Japan’s Subaru cuts annual output target as chip shortage drags on

TOKYO, Feb 8 (Reuters) – Japan’s Subaru Corp (7270.T) slashed its annual output target by nearly 10% on Wednesday amid ongoing fallout from a semiconductor shortage that continues to hamper automakers around the world.

The carmaker said the shortages were most acute among parts for immediate delivery in the spot market and it expected the lack of supply to last at most until around June before recovering.

Subaru said it now expects to produce 880,000 vehicles this fiscal year through March, down 9.3% from a previous forecast of 970,000 units.

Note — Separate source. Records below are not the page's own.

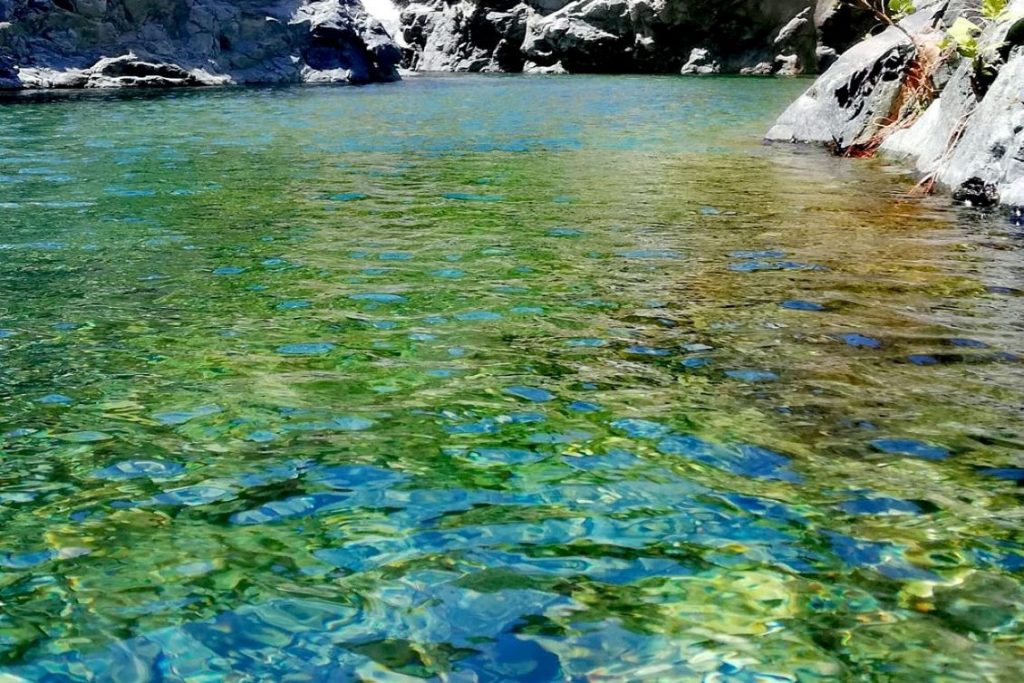 fiume verde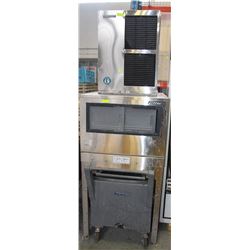 HOSHIZAKI ICE MACHINE COMPLETE WITH FROLLETT BIN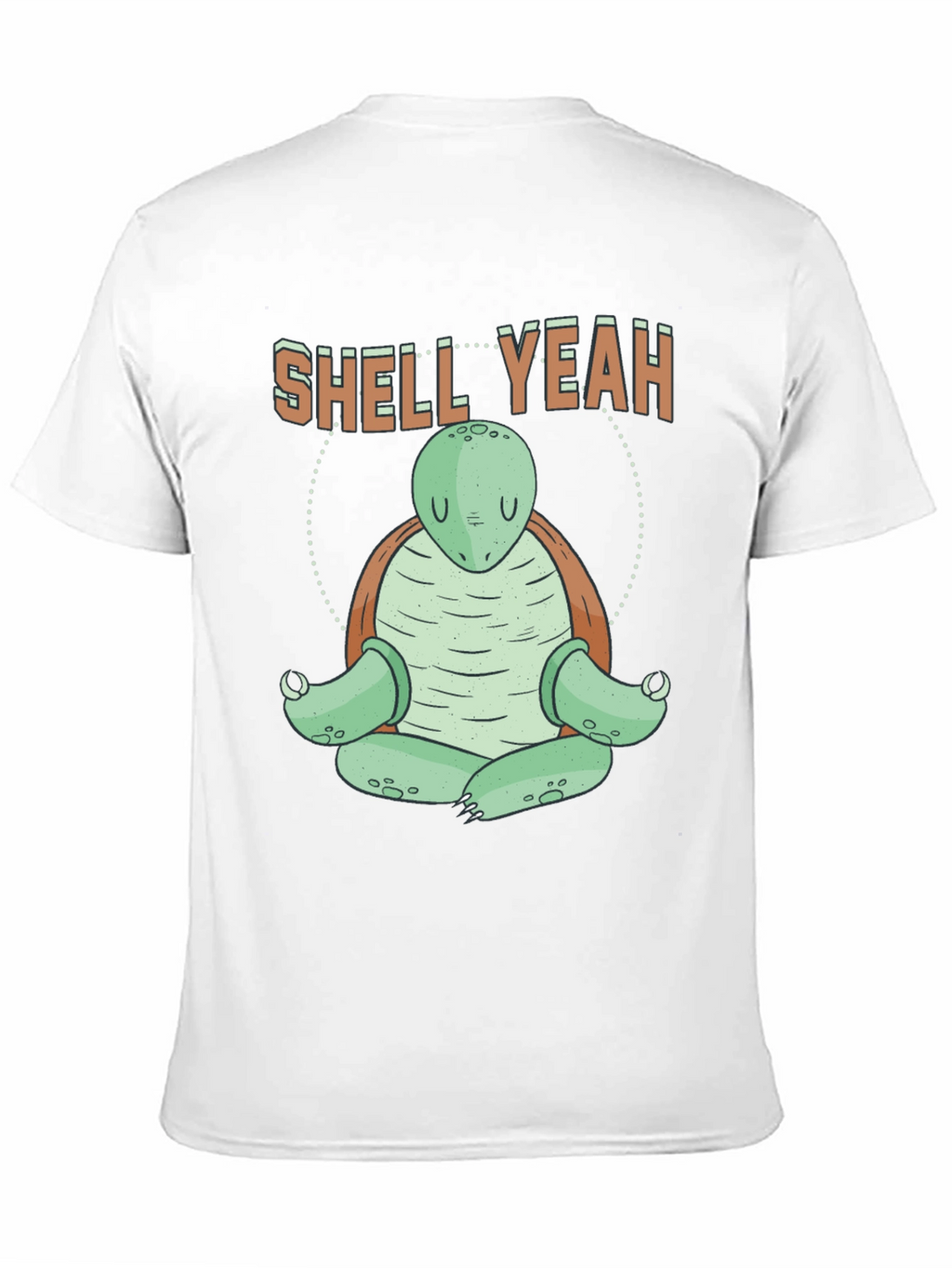 Shell Yeah Turtle Yoga T-Shirt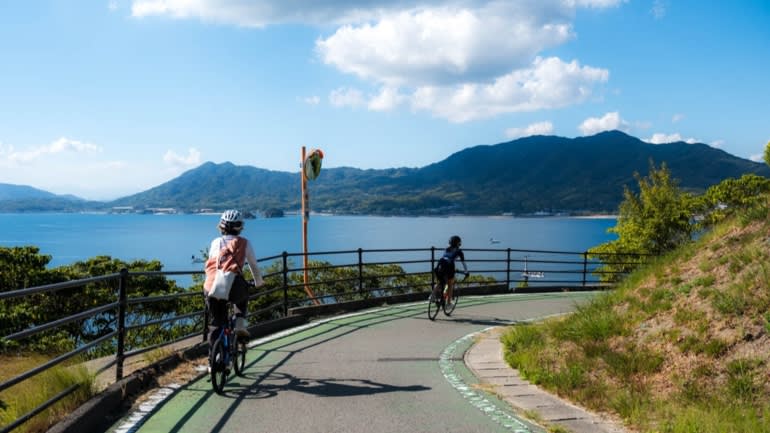 Nhật Bản thúc đẩy du lịch đạp xe - Ảnh 2.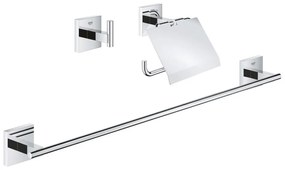 GROHE 41124000 - Sada doplnkov START CUBE 558 mm lesklý chróm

“In the third quarter, we managed to keep the decline to about 20,000 units compared to our plans through our efforts,” said Katsuyuki Mizuma, Subaru’s chief financial officer.

In the fourth quarter ending March 31, Subaru expects to make 70,000 fewer vehicles than previously planned, Mizuma said.

The company’s shares slipped following the release of the results, ending 1.9% lower at 2,118 yen compared to a flat broader market (.TOPX).

 Subaru, in which Toyota Motor Corp (7203.T) owns a 20% stake, hopes to reach global production of 1 million vehicles next financial year, he said.

After dialling back output following the outbreak of COVID-19, many automakers have been playing catch-up in terms of production, with chipmakers sending shipments to the consumer electronics industry.

Subaru on Wednesday lowered its annual global sales forecast by 5.4% to 870,000 vehicles from its previous forecast, though that still marked an 18.5% rise compared to the 2022 financial year.

 Most of the expected decline in global sales is in the U.S. market, where it sells two-thirds of its cars, including the popular Forester and Outback models.

The company kept its annual operating profit forecast unchanged at 300 billion yen ($2.29 billion), citing its efforts to control costs and boost efficiency from manufacturing through to sales, as well as exchange rate assumptions.